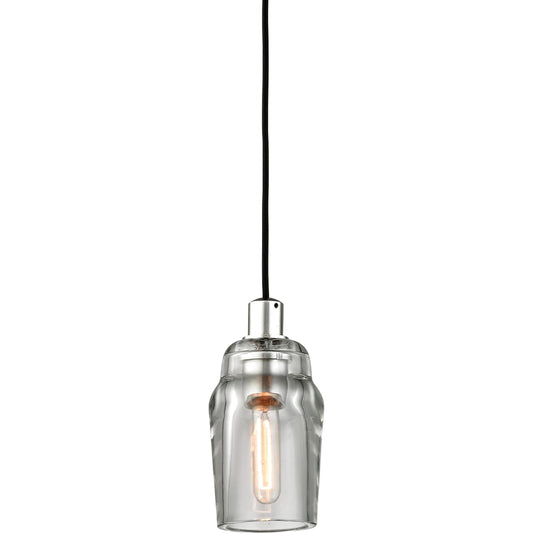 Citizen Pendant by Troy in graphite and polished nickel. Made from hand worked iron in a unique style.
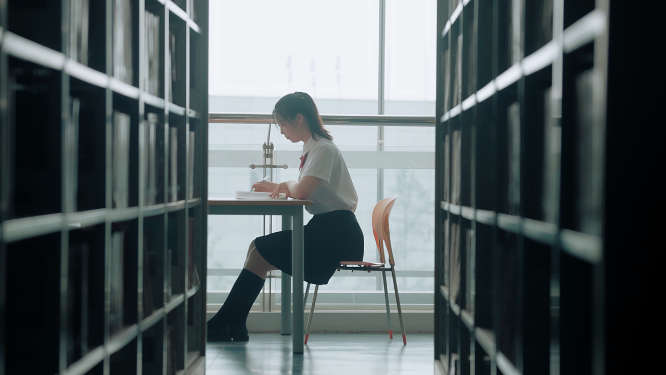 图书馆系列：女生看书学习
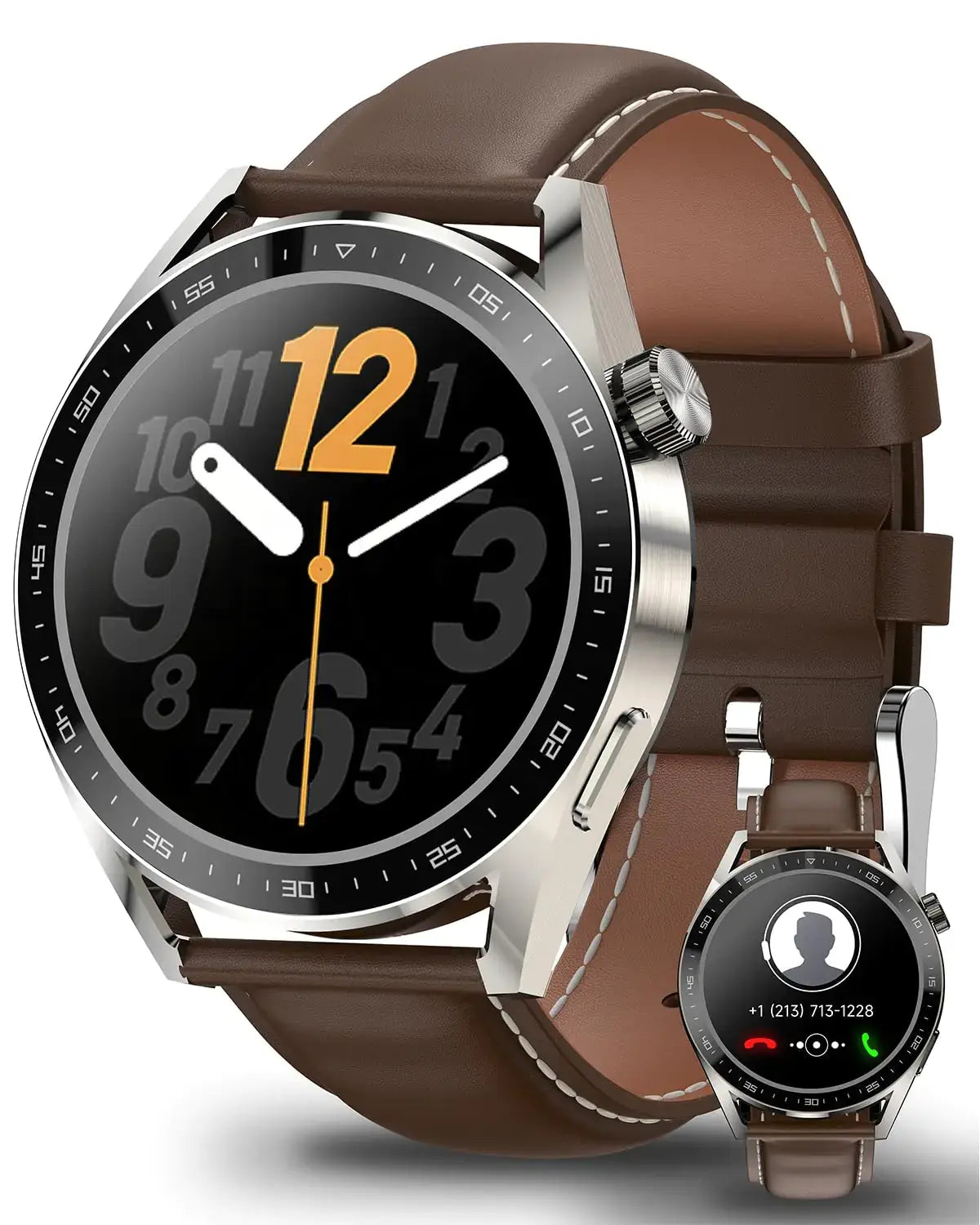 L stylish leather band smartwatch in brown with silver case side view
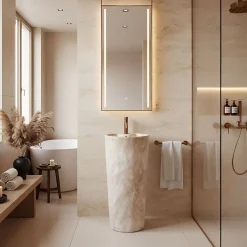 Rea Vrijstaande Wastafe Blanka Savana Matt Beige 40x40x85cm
=-=-=-=-=
**YOUR ASSIGNMENT:**
Your task is to repeat the material above exactly, without its pictures.

**WRITTEN REPLY:**
 Citizen Pendant by Troy in graphite and polished nickel. Made from hand worked iron in a unique style.
 图书馆系列：女生看书学习
 L stylish leather band smartwatch in brown with silver case side view
 Rea Vrijstaande Wastafe Blanka Savana Matt Beige 40x40x85cm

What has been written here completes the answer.